A few years after my father’s death she took my sister and me to Paris, where we got drunk in cafés in the middle of the day, the wine working on us like truth serum. When we got around to the topic of my pregnancy, my mother swore that she had told me I could have the baby without getting married, that I could raise him at home. I have no recollection of any words remotely like this; the only thing that even comes close, and it’s a stretch, is my father repeating like a mantra Let’s see what can be done. I assumed he meant abortion, which was not only still illegal, but horrific to my teenage sensibilities. Twenty-five years later, in a Paris café, my mother insisted he was saying I didn’t have to get married to have the baby. I’m quite certain this was purely wishful thinking on her part: this was, after all, the 1980s, and her favorite sitcom was Murphy Brown.

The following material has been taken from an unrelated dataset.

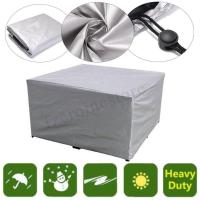 Patio Furniture Cover Silver Waterproof Dust-Proof Sun Protection Heavy-Duty Outdoor Table And Chair Cover With Adjustable Rope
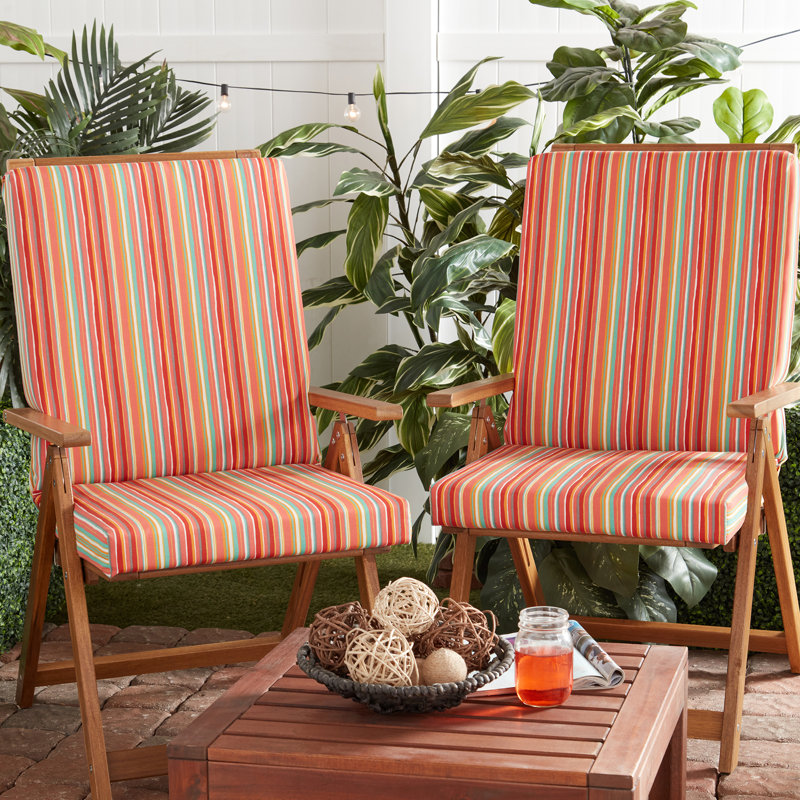High Back Dining Chair Pad, Watermelon Striped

When Stacy got married at twenty-eight, she’d graduated college and lived on her own for three years, supporting herself by working in an art gallery. The man she married was kind, sensitive, and came from a wealthy family. Not only were they were in love, they were also best friends. I was thrilled—and yet her well planned wedding at a Santa Monica country club was one of the hardest days of my life.
How then could I not have acknowledged, until now, the torture my wedding must have been for my mother? Why have I not understood the depth of my mother’s pain before this too-late date?
I wish I could tell her I’m sorry. Surely one of the worst things that human beings experience is an inability to see our dead just one more time, to tell them just one more thing. As hard as the struggle with my mother was, I’d give anything to still be doing it face to face, instead of on these pages.